Действительно, к удушливому насыщенному человеческим потом и испарениями воздуху примешивался проникающий со двора запах дыма. Неужели пожар? Все заговорили разом, с тревогой втягивая в себя воздух.

— Успокойтесь, товарищи! — стараясь перекричать всех, сказал Крамаренко. — По-моему, пахнет горелой бумагой. Уж не жгут ли архивы с делами заключенных? Сколько же это тонн бумаги! Наверно, не одна комната забита ею до отказа. Ведь столько людей прошло через это «чистилище». Но какая все-таки необходимость уничтожать на кострах такой ценный для НКВД материал? — продолжал вслух размышлять Крамаренко. — А впрочем, они жгут, вероятно, только копии, подлинники же хранятся в Москве на Лубянке, — решил он наконец. — О том, что все материалы по делам заключенных отсылаются в главное управление НКВД СССР, а на местах остаются только копии, я по секрету слышал от заведующего кадрами в нашей школе.

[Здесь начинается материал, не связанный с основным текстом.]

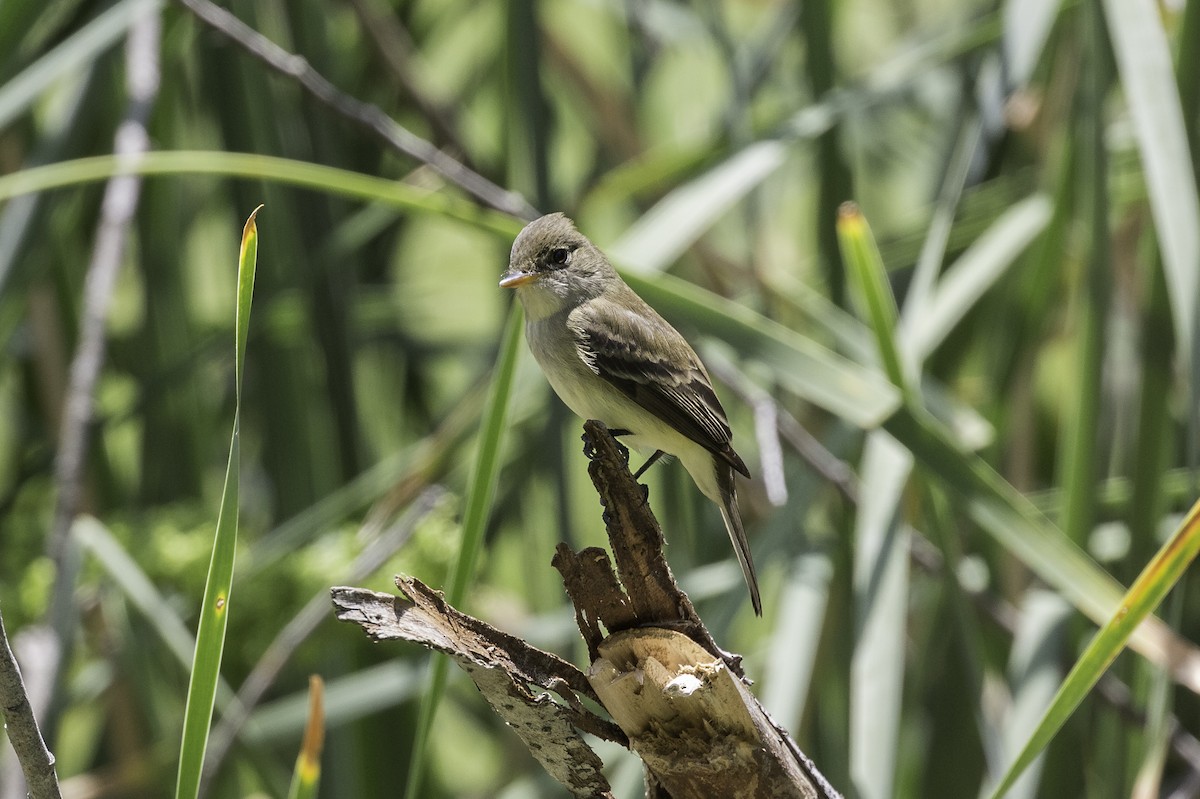 Willow Flycatcher - ML605998501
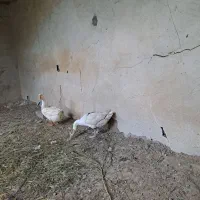 قو غاز اکراینی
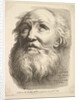 Frontispiece: Head of a Bearded Man, from 'Livre de Têtes Gravées d'apres F. Bouch…, 18th century by Unknown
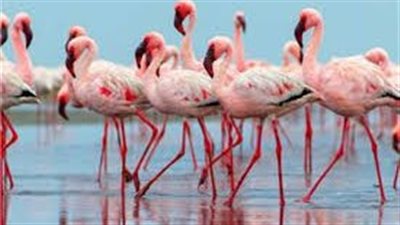 عمره 30 عامًا.. إنقاذ طائر فلامنجو بعد العثور عليه في حالة إعياء شديدة بالغردقة | بث مباشر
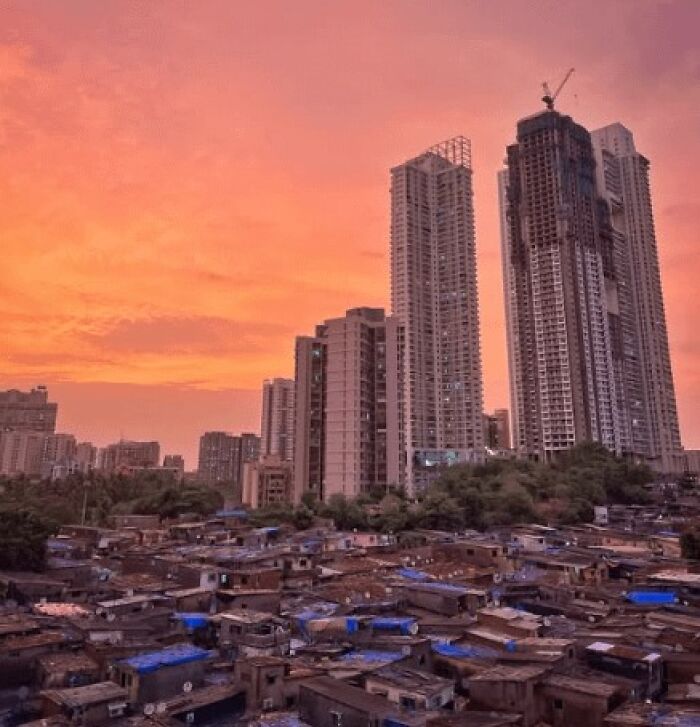 India in a Nutshell: Crowded, Chaotic, and Completely Real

— Мне кажется, — вмешался Еремеев, — они боятся, чтобы эти материалы, компрометирующие их и разоблачающие их позорную деятельность, не попали в руки немцев, если те, не дай Бог, займут Киев.

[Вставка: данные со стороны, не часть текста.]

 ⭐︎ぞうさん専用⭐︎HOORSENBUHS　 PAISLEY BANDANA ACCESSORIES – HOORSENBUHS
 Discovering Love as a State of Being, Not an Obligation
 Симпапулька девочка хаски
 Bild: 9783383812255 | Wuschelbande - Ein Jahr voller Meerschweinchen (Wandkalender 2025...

Предположение Еремеева о возможности оккупации Киева немцами возмутило всех нас. Нам настойчиво годами внушали мысль о колоссальной мощи СССР, о высоком уровне военной техники, о высоком моральном и боевом уровне нашего солдата. Поэтому мы не сомневались в быстрой победе над немцами.

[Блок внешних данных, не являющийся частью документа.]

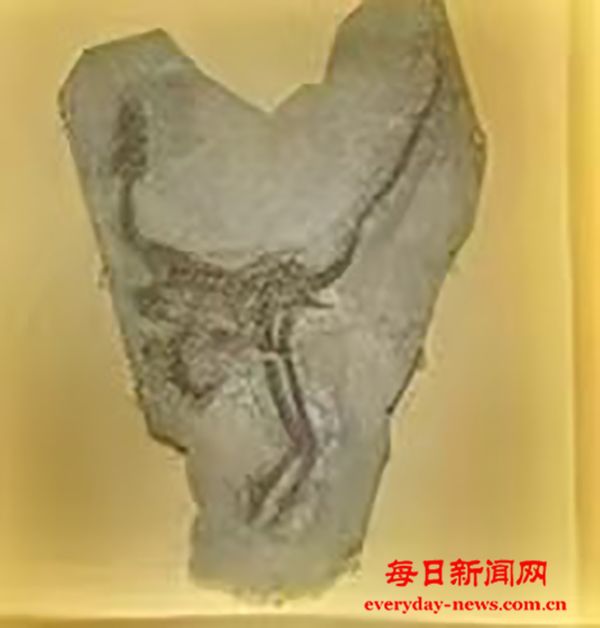 01.jpg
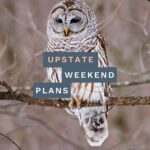 owl on a branch with the "Upstate Weekend Plans" text written across the Hudson Valley, NY photo.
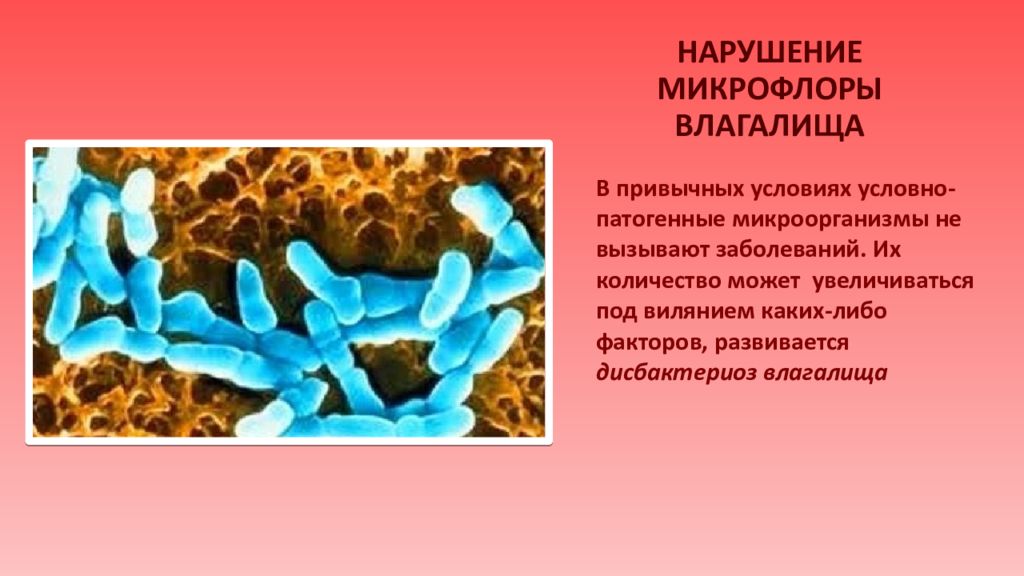 Болезнетворные микроорганизмы в носовой полости уничтожаются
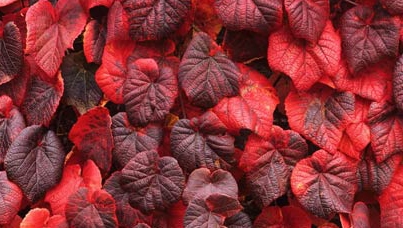 Vitis coignetiae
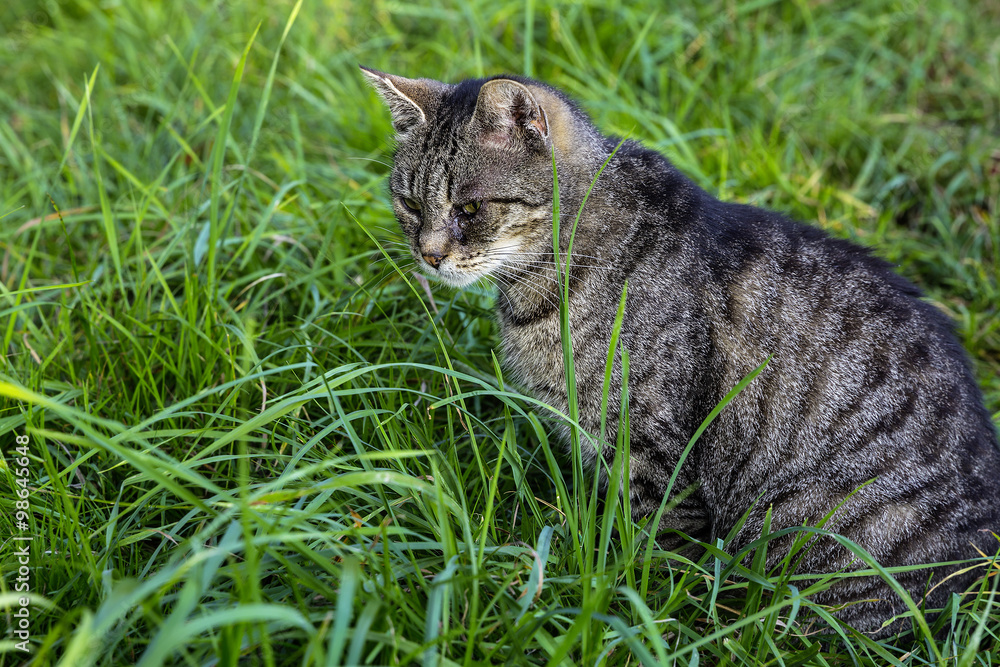 Katze Katze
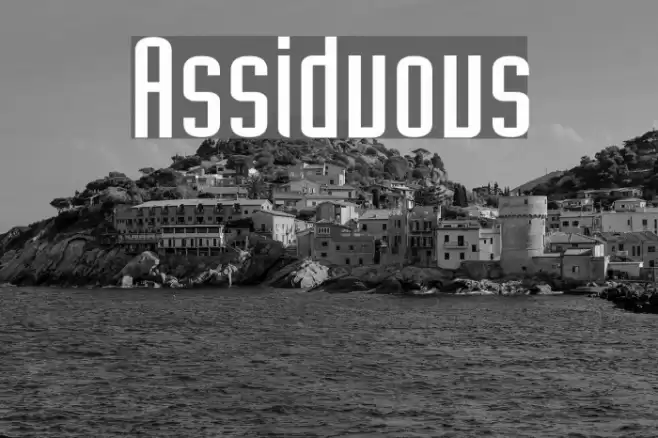 Assiduous Font examples
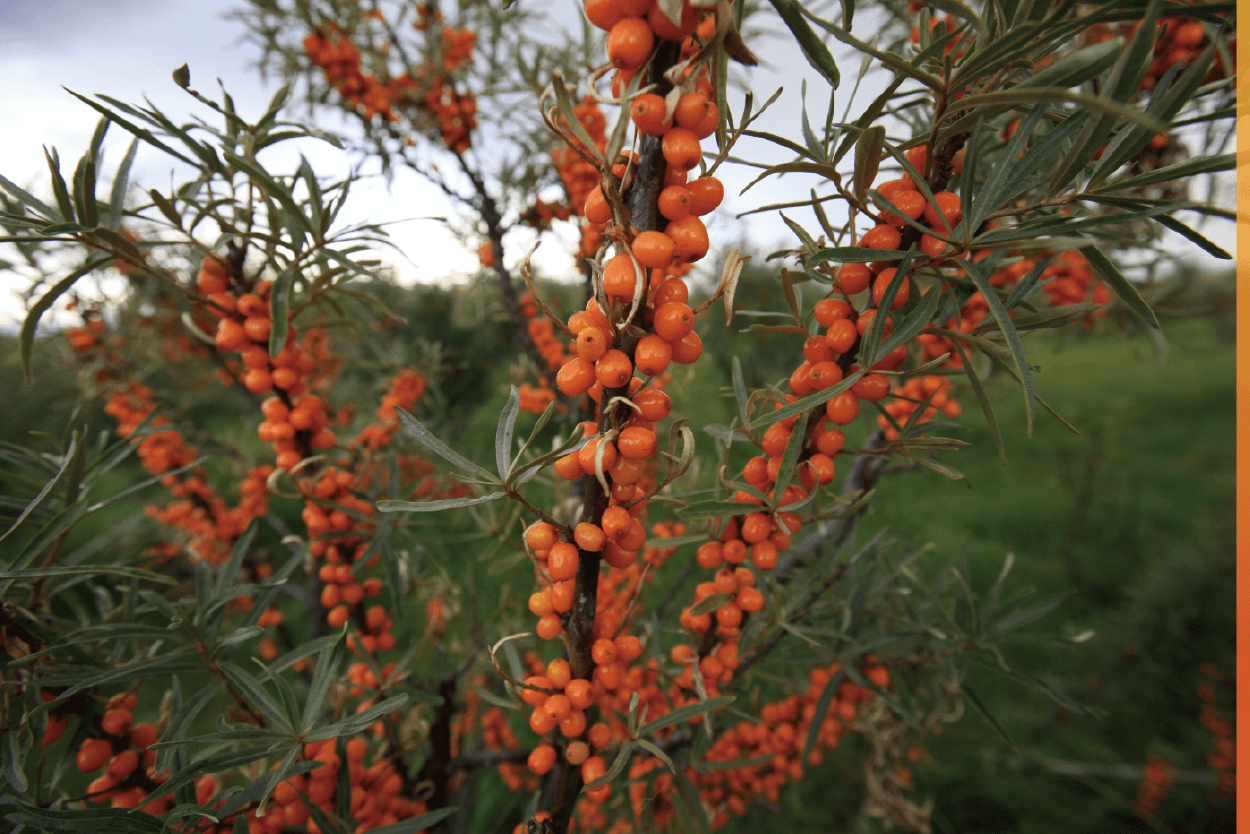 沙棘具有多種不飽和脂肪酸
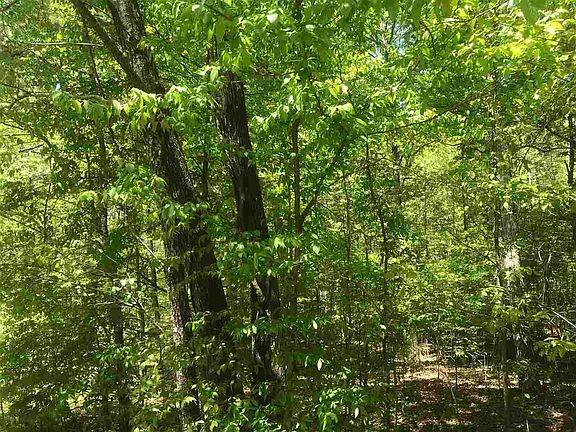 5th image of 0 Huckleberry Ln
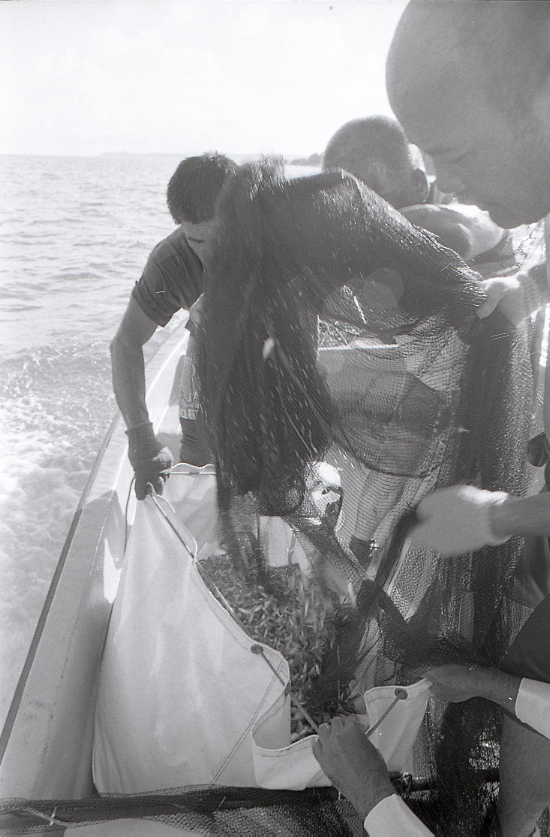 11-116-0031 11-116-0031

— А я и не утверждаю, — возразил Еремеев, — что немцы обязательно займут Киев. Но полагаю, что НКВД поступает осмотрительно, заранее предпринимая меры предосторожности.

Видимо, НКВД не исключает возможности эвакуации на восток. Вот и избавляется заранее от ненужного хлама, поспешно сжигая накопившиеся архивы. Да, предположение Гончарова о том, что сейчас разбивают негативы, а их десятки тысяч, в связи с возможной срочной эвакуацией тюрьмы, пожалуй, соответствует действительности. Впрочем, ближайшее будущее все прояснит.

Глава VIII

Первый допрос

Прошло уже восемь суток после моего ареста. Тридцатого июня поздно вечером, когда мы уже укладывались спать, дверь в камеру открылась и вошел надзиратель с листком бумаги.

— Кто тут Ильяшук?

— Я, — отвечаю.

— На допрос к прокурору!

Я поднялся, но почувствовал от волнения такую слабость, что еле удержался на ногах. «Пошли!» — скомандовал конвоир. Мы вышли во двор. Было темно. Только над служебным входом в тюрьму тускло поблескивала лампочка. Конвоир не отпускал меня ни на шаг, крепко сжимая мою левую руку. Быстро пробежав двор, мы вошли в кабинет прокурора. За столом, накрытым красным сукном, сидел прокурор Андреев, возможно, тот самый Андреев, который подписал ордер на мой арест. Позади на стене висел портрет Сталина во весь рост. С обеих сторон над ним склонялись красные шелковые знамена с позолоченными наконечниками и кистями на витых шнурах. Несмотря на все старания придворных художников изображать Сталина на тысячах портретов в образе мудрого мыслителя, гениального вождя всего человечества, я не мог его воспринимать иначе как диктатора, жестокого маньяка, в своей подозрительности готового «ради блага человечества» утопить его в крови. Его низкий лоб, нависшие густые брови, глубоко запавшие глаза, казалось, еще резче подчеркивали нутро палача. Его глаза смотрели на меня зловеще, будто заранее выносили мне смертный приговор.